● Records to process:
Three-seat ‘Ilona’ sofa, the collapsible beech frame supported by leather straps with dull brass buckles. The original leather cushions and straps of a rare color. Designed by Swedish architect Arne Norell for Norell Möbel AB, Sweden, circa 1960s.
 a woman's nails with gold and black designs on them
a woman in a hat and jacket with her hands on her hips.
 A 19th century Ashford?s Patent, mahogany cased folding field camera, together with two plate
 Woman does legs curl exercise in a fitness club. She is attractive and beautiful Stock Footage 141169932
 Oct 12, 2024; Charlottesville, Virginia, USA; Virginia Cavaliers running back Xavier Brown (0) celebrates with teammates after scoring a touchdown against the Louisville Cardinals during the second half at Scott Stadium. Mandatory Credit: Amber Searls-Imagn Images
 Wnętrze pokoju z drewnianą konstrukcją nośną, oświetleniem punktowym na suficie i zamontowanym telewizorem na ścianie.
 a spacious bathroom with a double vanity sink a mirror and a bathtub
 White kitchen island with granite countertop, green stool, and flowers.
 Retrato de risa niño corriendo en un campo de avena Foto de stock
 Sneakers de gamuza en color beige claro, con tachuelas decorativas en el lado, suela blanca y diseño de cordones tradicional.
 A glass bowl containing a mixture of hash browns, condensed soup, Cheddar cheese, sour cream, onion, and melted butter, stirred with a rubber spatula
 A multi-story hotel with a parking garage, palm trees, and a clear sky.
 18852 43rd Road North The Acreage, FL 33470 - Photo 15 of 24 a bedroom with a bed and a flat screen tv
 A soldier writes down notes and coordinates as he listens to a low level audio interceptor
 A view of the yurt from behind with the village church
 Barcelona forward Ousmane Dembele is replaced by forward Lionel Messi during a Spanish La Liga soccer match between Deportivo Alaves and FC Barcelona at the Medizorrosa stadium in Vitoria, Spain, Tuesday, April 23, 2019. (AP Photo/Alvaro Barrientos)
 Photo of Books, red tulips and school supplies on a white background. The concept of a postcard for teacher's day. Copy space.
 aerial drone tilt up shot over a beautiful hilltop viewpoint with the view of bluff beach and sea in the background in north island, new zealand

● Task brief:
Please copy, without any change, the lines of the material from the first through the one containing "Retrato de risa". Write nothing else.

● Exercise response:
Three-seat ‘Ilona’ sofa, the collapsible beech frame supported by leather straps with dull brass buckles. The original leather cushions and straps of a rare color. Designed by Swedish architect Arne Norell for Norell Möbel AB, Sweden, circa 1960s.
 a woman's nails with gold and black designs on them
a woman in a hat and jacket with her hands on her hips.
 A 19th century Ashford?s Patent, mahogany cased folding field camera, together with two plate
 Woman does legs curl exercise in a fitness club. She is attractive and beautiful Stock Footage 141169932
 Oct 12, 2024; Charlottesville, Virginia, USA; Virginia Cavaliers running back Xavier Brown (0) celebrates with teammates after scoring a touchdown against the Louisville Cardinals during the second half at Scott Stadium. Mandatory Credit: Amber Searls-Imagn Images
 Wnętrze pokoju z drewnianą konstrukcją nośną, oświetleniem punktowym na suficie i zamontowanym telewizorem na ścianie.
 a spacious bathroom with a double vanity sink a mirror and a bathtub
 White kitchen island with granite countertop, green stool, and flowers.
 Retrato de risa niño corriendo en un campo de avena Foto de stock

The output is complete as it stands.